131	We can then compare the stored value, which should be signed, with a manually
132	constructed signature. See `ALLOC_VALIDATE_DATA_PTR`.
133
134	Tests are triggered by setting the `kern.run_ptrauth_data_tests` sysctl. The
135	sysctl is implemented, and BSD structures are tested, in `bsd/tests/ptrauth_data_tests_sysctl.c`.
136	Mach structures are tested in `osfmk/tests/ptrauth_data_tests.c`.
137
138	### Managing PAC register state
139
140	xnu generally tries to avoid reprogramming the CPU's PAC-related registers on
141	kernel entry and exit, since this could add significant overhead to a hot
142	codepath. Instead, xnu uses the following strategies to manage the PAC register
143	state.
144
145	#### A keys
146
147	Userspace processes' A keys (`AP{IA,DA,GA}Key`) are derived from the field
148	`jop_pid` inside `struct task`. For implementation reasons, an exact duplicate
149	of this field is cached in the corresponding `struct machine_thread`.
150
151
152	A keys are randomly generated at shared region initialization time (see ["Signed
153	pointers in shared regions"](#signed-pointers-in-shared-regions) below) and
154	copied into `jop_pid` during process activation. This shared region, and hence
155	associated A keys, may be shared among arm64e processes under specific
156	circumstances:
157
158	1. "System processes" (i.e., processes launched from first-party signed binaries
159	on the iOS system image) generally use a common shared region with a default
160	`jop_pid` value, separate from non-system processes.
161
162	If a system process wishes to isolate its A keys even from other system
163	processes, it may opt into a custom shared region using an entitlement in
164	the form `com.apple.pac.shared_region_id=[...]`. That is, two processes with
165	the entitlement `com.apple.pac.shared_region_id=foo` would share A keys and
166	shared regions with each other, but not with other system processes.
167
168	2. Other arm64e processes automatically use the same shared region/A keys if
169	their respective binaries are signed with the same team-identifier strings.
170
171	3. `posix_spawnattr_set_ptrauth_task_port_np()` allows explicit "inheriting" of
172	A keys during `posix_spawn()`, using a supplied mach task port. This API is
173	intended to support debugging tools that may need to auth or sign pointers
174	using the target process's keys.
175
176	#### B keys
177
178	Each process is assigned a random set of "B keys" (`AP{IB,DB}Key`) on process
179	creation. As a special exception, processes which inherit their parents' memory
180	address space (e.g., during `fork`) will also inherit their parents' B keys.

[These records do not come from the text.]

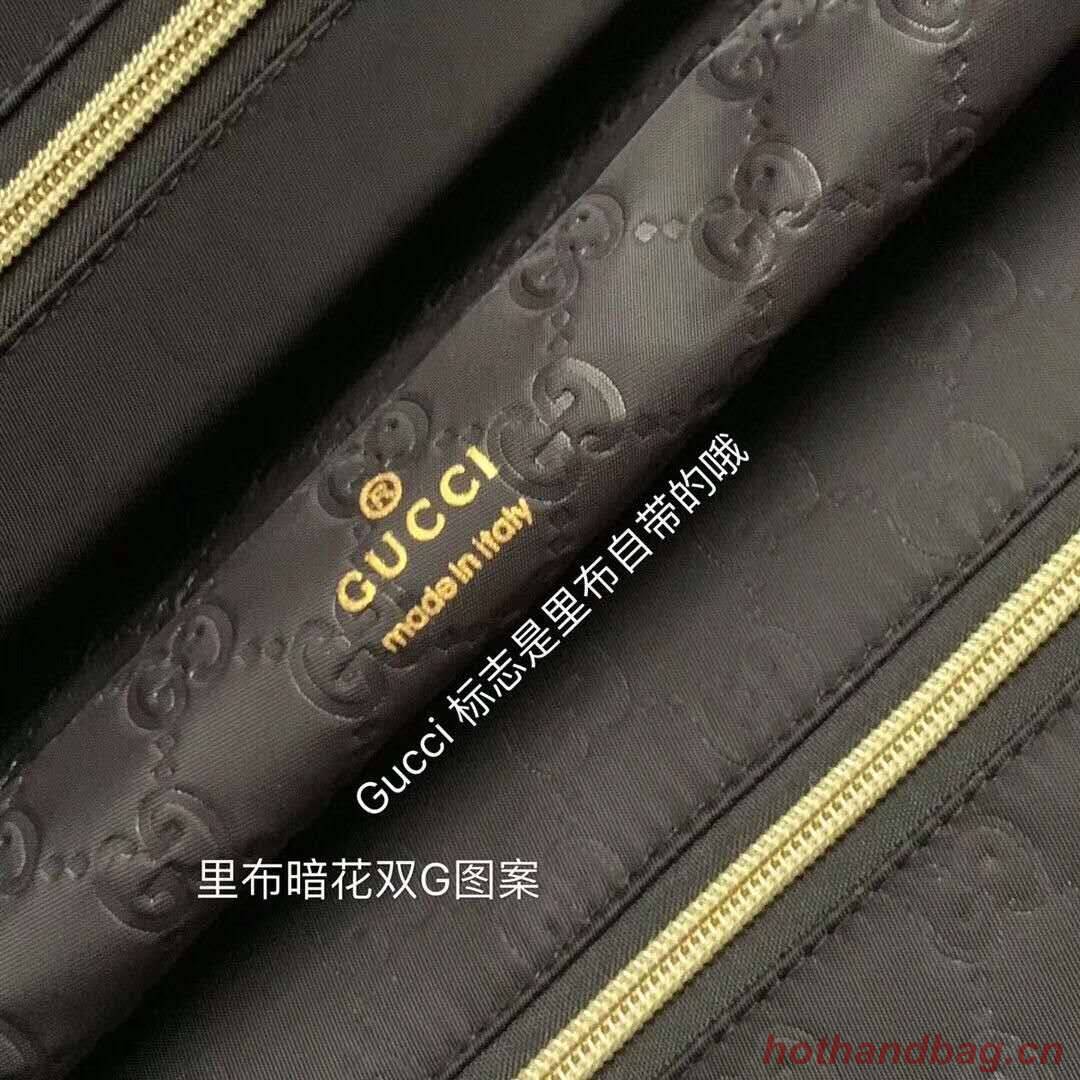 Gucci Travel Luggage GG19588 Silver Gucci Travel Luggage GG19588 Silver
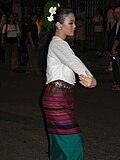 Profile Picture of Northern Thai peopleon Wikipedia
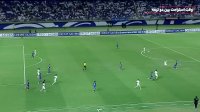 فوتبال ازبکستان - قطر (گزارش کیارش واحدی)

181	These keys are stored as the field `rop_pid` inside `struct task`, with an exact
182	duplicate in `struct machine_thread` for implementation reasons.
183
184	xnu reprograms the ARM B-key registers during context switch, via the macro
185	`set_process_dependent_keys_and_sync_context` in `cswitch.s`.
186
187	xnu uses the B keys internally to sign pointers pushed onto the kernel stack,
188	such as stashed LR values. Note that xnu does not need to explicitly switch
189	to a dedicated set of "kernel B keys" to do this:
190
191	1. The `KERNKey` diversifier already ensures that the actual signing keys are
192	different between xnu and userspace.
193
194	2. Although reprogramming the ARM B-key registers will affect xnu's signing keys
195	as well, pointers pushed onto the stack are inherently short-lived.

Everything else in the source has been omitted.